Kindness is a redemptive tool. God uses kindness.
The kindness God calls His people to demonstrate has a more significant benefit than earthly benefits.
It has a heavenly benefit. It redeems people. It turns them Godward. It opens up their minds to start having them ask you, why are you being kind to me?
So, here’s this hardened jailer. He’s seen all kinds of criminals get incarcerated. Some on trumped-up charges, others legitimate thieves and murderers. And he saw individuals like Paul and Silas with bogus charges thrown at them. He’s seen all those things.
He’s heard the clamor and the cries. He’s listened to some inmates sing secular songs. He’s heard people pray desperate prayers, but he knew there was a difference when Paul and Silas were praying their prayers and singing their songs to God.
They prayed as if they knew God heard them. They sang from a place of a relationship with God.
The jailer probably didn’t come to work that day thinking, “I want to find Jesus.” The text says he was asleep. That means that he’d heard them sing, heard them pray, and then somehow still fell asleep. God was not on his radar, but then a miracle occurred, and he asked Paul and Silas, “What must I do to be saved?”

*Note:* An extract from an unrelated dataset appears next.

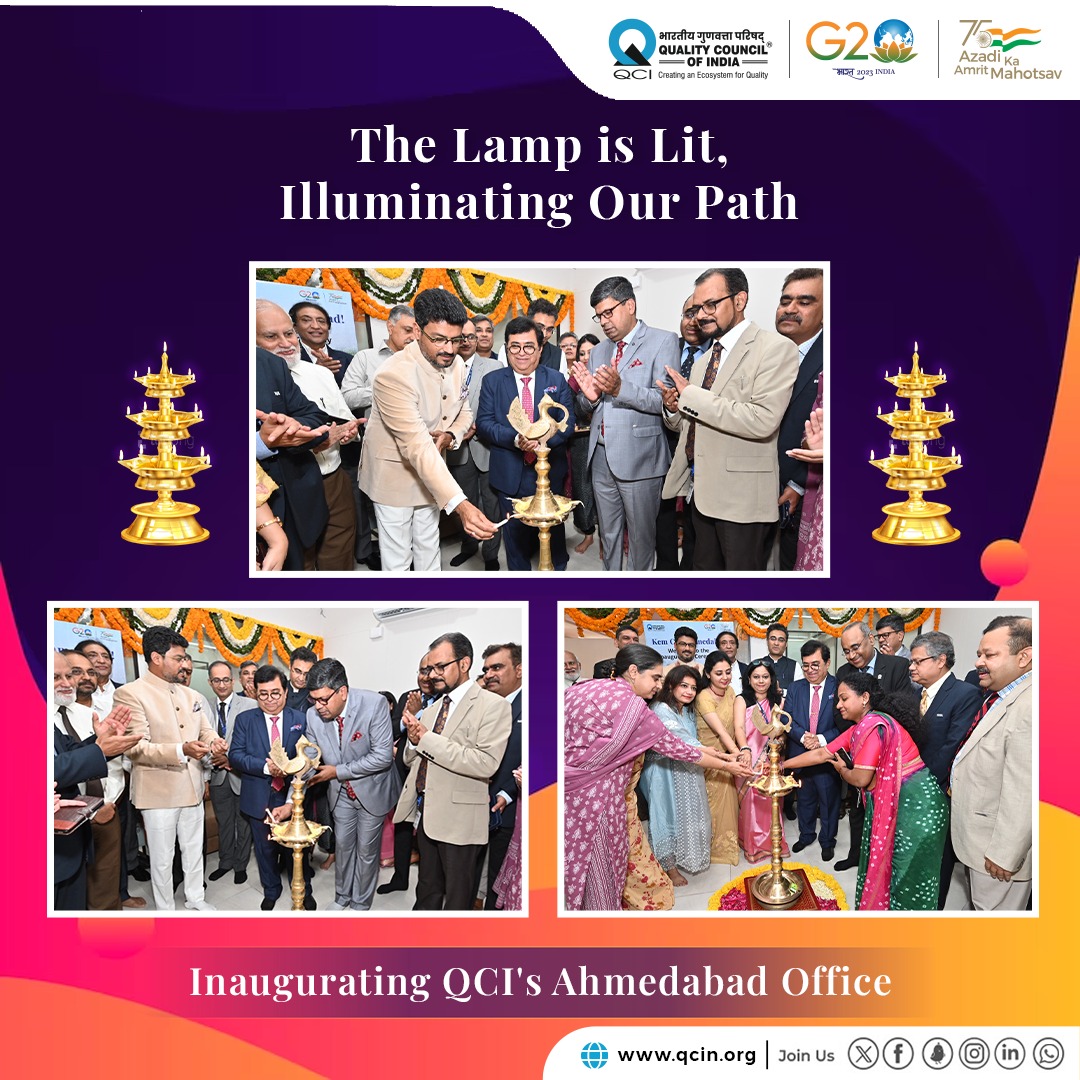 By lighting the lamp, we illuminate quality excellence at QCI's Ahmedabad office. Together, let's propel the journey of quality forward, ensuring a brighter tomorrow for all. @jaxayshah, @DPIITGoI, @PIB_India, @NABL_QCI, @NABCB_QCI, @NBQP_QCI, @NABET_QCI, @NABH_QCI, @RajMah70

God can use anybody at any time. God used Paul and Silas to help a hardened and apathetic jailer meet His Creator.
When that jailer gave his life to Christ, he became more human. He started to recognize that his faith brought new feelings, and all of a sudden, the things on the inside of him became uncomfortable. Before, he had no problem dragging Paul and Silas into the prison, bleeding, broken, and beat up. They had been stained with blood, blood dripping down their faces and all over their bodies, and these facts did not affect the jailer one bit. It didn’t bother him because somehow when you are steeped in sin, sin numbs your soul and senses.
Sin makes you no longer compassionate. Sin takes away your feelings of empathy about care for human beings.
But when this jailer got saved that night, he knew that salvation was real. He experienced what it means to accept Christ, and he experienced God. It wasn’t a religious fad or an ideology.
This jailer got set free from his numbness of soul and his lack of empathy. He got delivered and began to feel. And when he looked at Paul and Silas, he no longer saw people who deserved to be there. He looked at them and he was moved. He was driven to take action and began to wash their wounds.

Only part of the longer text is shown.